Every line of the data is to be reproduced exactly.

╭─ SUPPLIED INFORMATION

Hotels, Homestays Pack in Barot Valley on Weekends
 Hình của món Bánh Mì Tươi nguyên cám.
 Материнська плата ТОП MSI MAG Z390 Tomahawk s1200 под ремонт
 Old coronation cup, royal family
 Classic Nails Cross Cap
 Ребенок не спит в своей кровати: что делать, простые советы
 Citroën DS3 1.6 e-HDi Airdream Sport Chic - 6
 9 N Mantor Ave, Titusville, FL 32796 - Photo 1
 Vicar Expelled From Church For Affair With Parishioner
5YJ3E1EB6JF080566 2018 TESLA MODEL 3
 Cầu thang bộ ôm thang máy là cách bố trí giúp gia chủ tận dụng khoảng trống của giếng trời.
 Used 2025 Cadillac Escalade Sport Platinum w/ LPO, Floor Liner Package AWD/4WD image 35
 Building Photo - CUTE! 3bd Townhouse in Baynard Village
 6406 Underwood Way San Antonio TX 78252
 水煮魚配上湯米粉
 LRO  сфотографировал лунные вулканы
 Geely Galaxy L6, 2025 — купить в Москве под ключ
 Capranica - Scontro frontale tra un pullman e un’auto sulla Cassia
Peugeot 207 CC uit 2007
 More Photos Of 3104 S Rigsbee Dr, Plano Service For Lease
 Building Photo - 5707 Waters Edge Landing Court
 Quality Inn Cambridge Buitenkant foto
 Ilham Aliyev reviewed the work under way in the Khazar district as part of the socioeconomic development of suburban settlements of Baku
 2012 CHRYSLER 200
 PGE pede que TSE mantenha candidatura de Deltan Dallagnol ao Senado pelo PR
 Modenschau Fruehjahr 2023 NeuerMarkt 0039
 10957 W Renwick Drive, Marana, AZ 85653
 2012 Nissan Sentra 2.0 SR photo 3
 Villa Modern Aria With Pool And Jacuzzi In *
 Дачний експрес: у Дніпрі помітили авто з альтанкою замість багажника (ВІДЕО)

╰─

EXERCISE RESULT.
Hotels, Homestays Pack in Barot Valley on Weekends
 Hình của món Bánh Mì Tươi nguyên cám.
 Материнська плата ТОП MSI MAG Z390 Tomahawk s1200 под ремонт
 Old coronation cup, royal family
 Classic Nails Cross Cap
 Ребенок не спит в своей кровати: что делать, простые советы
 Citroën DS3 1.6 e-HDi Airdream Sport Chic - 6
 9 N Mantor Ave, Titusville, FL 32796 - Photo 1
 Vicar Expelled From Church For Affair With Parishioner
5YJ3E1EB6JF080566 2018 TESLA MODEL 3
 Cầu thang bộ ôm thang máy là cách bố trí giúp gia chủ tận dụng khoảng trống của giếng trời.
 Used 2025 Cadillac Escalade Sport Platinum w/ LPO, Floor Liner Package AWD/4WD image 35
 Building Photo - CUTE! 3bd Townhouse in Baynard Village
 6406 Underwood Way San Antonio TX 78252
 水煮魚配上湯米粉
 LRO  сфотографировал лунные вулканы
 Geely Galaxy L6, 2025 — купить в Москве под ключ
 Capranica - Scontro frontale tra un pullman e un’auto sulla Cassia
Peugeot 207 CC uit 2007
 More Photos Of 3104 S Rigsbee Dr, Plano Service For Lease
 Building Photo - 5707 Waters Edge Landing Court
 Quality Inn Cambridge Buitenkant foto
 Ilham Aliyev reviewed the work under way in the Khazar district as part of the socioeconomic development of suburban settlements of Baku
 2012 CHRYSLER 200
 PGE pede que TSE mantenha candidatura de Deltan Dallagnol ao Senado pelo PR
 Modenschau Fruehjahr 2023 NeuerMarkt 0039
 10957 W Renwick Drive, Marana, AZ 85653
 2012 Nissan Sentra 2.0 SR photo 3
 Villa Modern Aria With Pool And Jacuzzi In *
 Дачний експрес: у Дніпрі помітили авто з альтанкою замість багажника (ВІДЕО)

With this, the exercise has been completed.